Now that would suggest the solution

    [if x == ' ' then "%50" else toLower x | x<-xs]

but this doesn't quite work because you're mixing strings ("%50") and single-characters in the same list. That can easily be fixed though, by "promoting" x to a single-char string:

    [if x == ' ' then "%50" else [toLower x] | x<-xs]

The result has then type [String], which can be "flattened" to a single string with the prelude concat function.

     concat [if x == ' ' then "%50" else [toLower x] | x<-xs]

An alternative way of writing this is

     concatMap (\x -> if x == ' ' then "%50" else [toLower x]) xs

or – exactly the same with more general infix operators

     xs >>= \x -> if x == ' ' then "%50" else [toLower x]

Answer 5

You're running into type mismatch issues. The approach you're currently using would work if you were replacing a Char with another Char. For example, to replace spaces with asterisks:

newLine xs = [if x == ' ' then '*' else toLower x | x<-xs]
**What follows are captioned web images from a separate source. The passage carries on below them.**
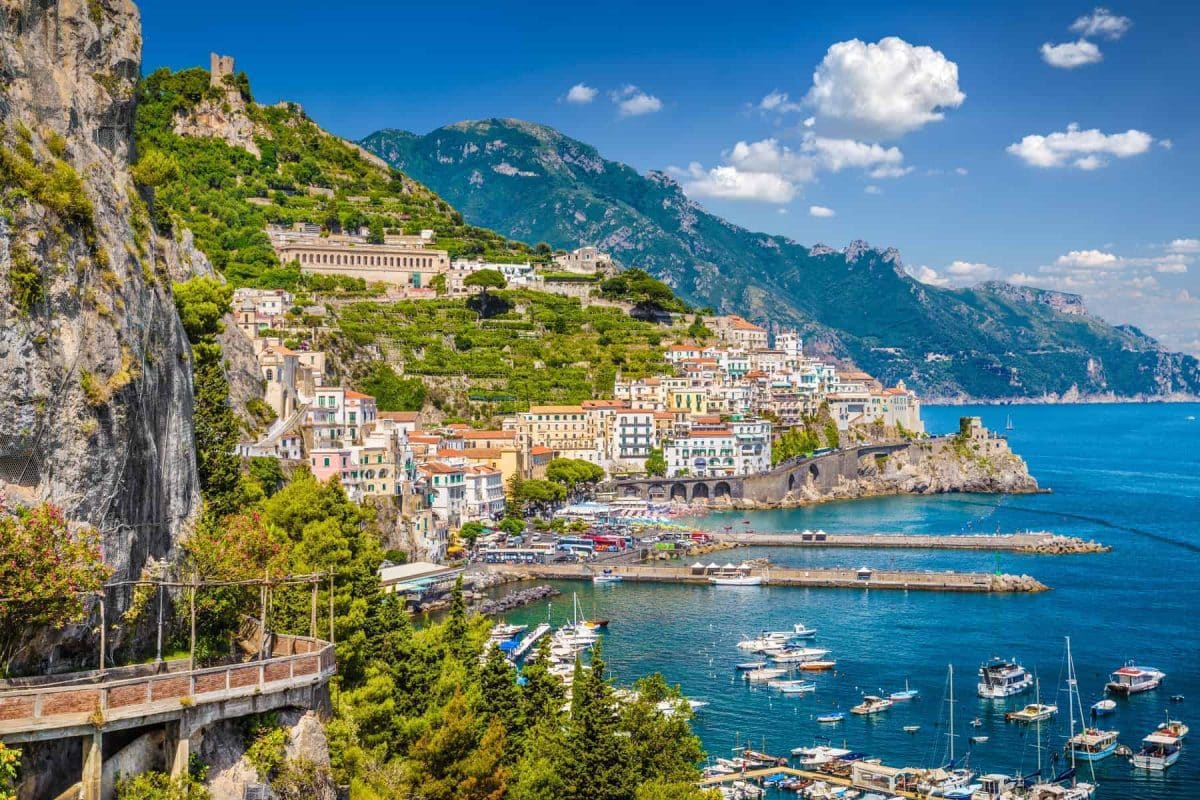 Amalfi Coast with Gulf of Salerno, Campania, Italy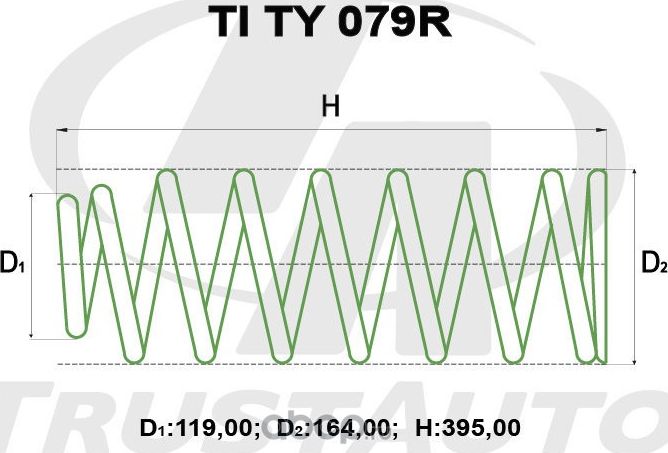 Пружина для лифтинга + 2 (50мм) () (Trustauto). Артикул TITY079R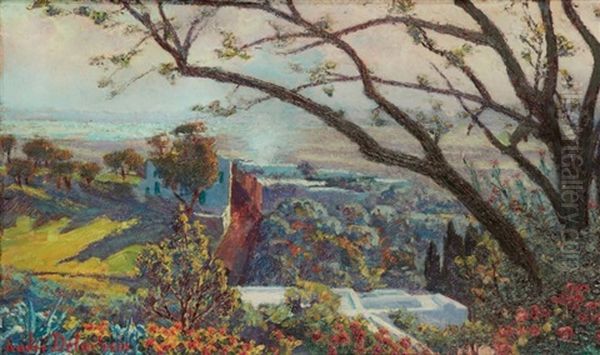 La Plaine De Carthage Vue De Sidi Bou Said Carthage Plaine Seen From Sidi Bou Said Oil Painting by Andre Delacroix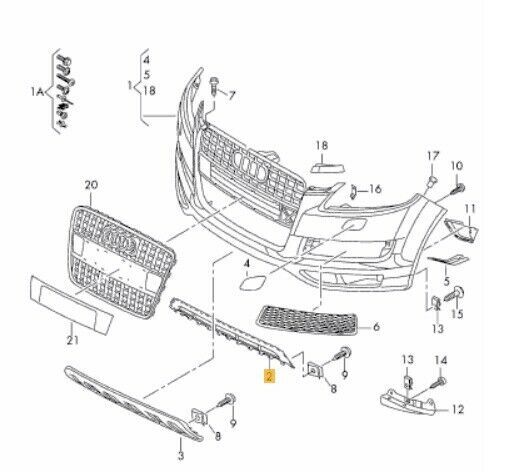 NEW GENUINE AUDI Q7 2010-2016 S LINE FRONT BUMPER LOWER BLACK GRILLE 4L0807683E01C - Image 2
Or if you wanted to replace both spaces and newlines with asterisks, you could use the elem function. But note that the elem function takes an array (or a String, which is the same as [Char]). In your example, you were trying to pass it a single element, ' '. This should work:

newLine xs = [if x `elem` " \n" then '*' else toLower x | x<-xs]

However, you want to replace a Char with a String ([Char]). So you need a different approach. The solution suggested by viorior looks good to me.